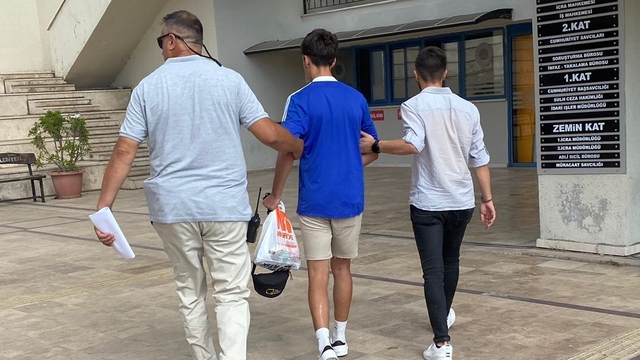 Marmaris'te iki grup arasında çıkan kavgada 1 kişi ağır yaralandı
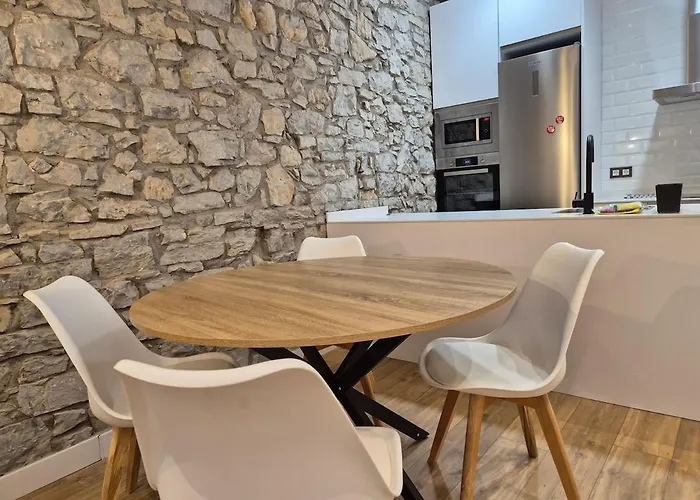 119a2 En El Centro De * خيخون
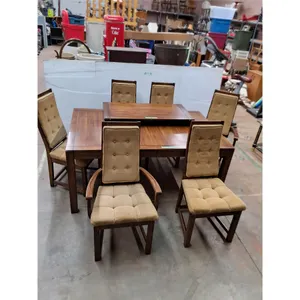 * Wooden Dining Room Table w/Leaf & 6 Chairs - Cannot Ship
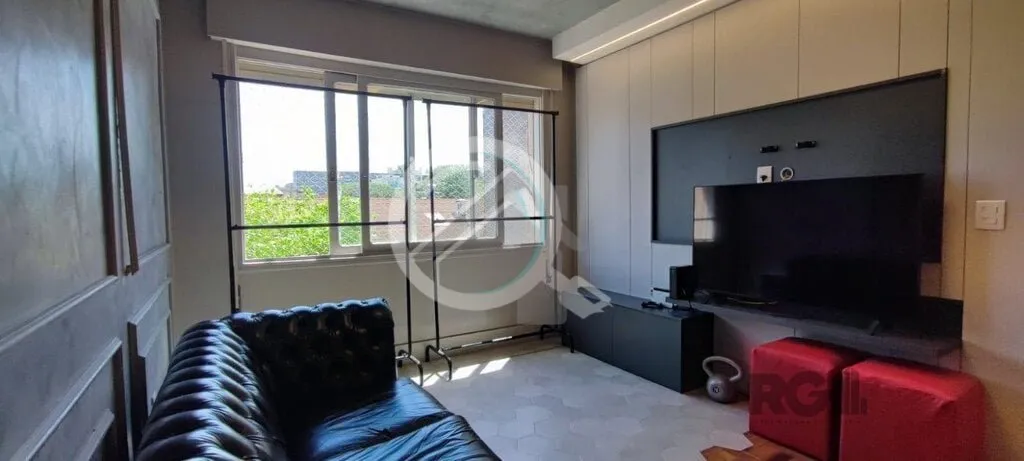Imagem Apartamento com 1 dormitório cheio de charme e requinte a venda no bairro Menino Deus. São 44m² p...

* Exercise aim: Using the material above, restate word for word the lines from the line that has "- Cannot Ship" to the last line, inclusive, with pictures omitted.

* Answer box:
 * Wooden Dining Room Table w/Leaf & 6 Chairs - Cannot Ship
Imagem Apartamento com 1 dormitório cheio de charme e requinte a venda no bairro Menino Deus. São 44m² p...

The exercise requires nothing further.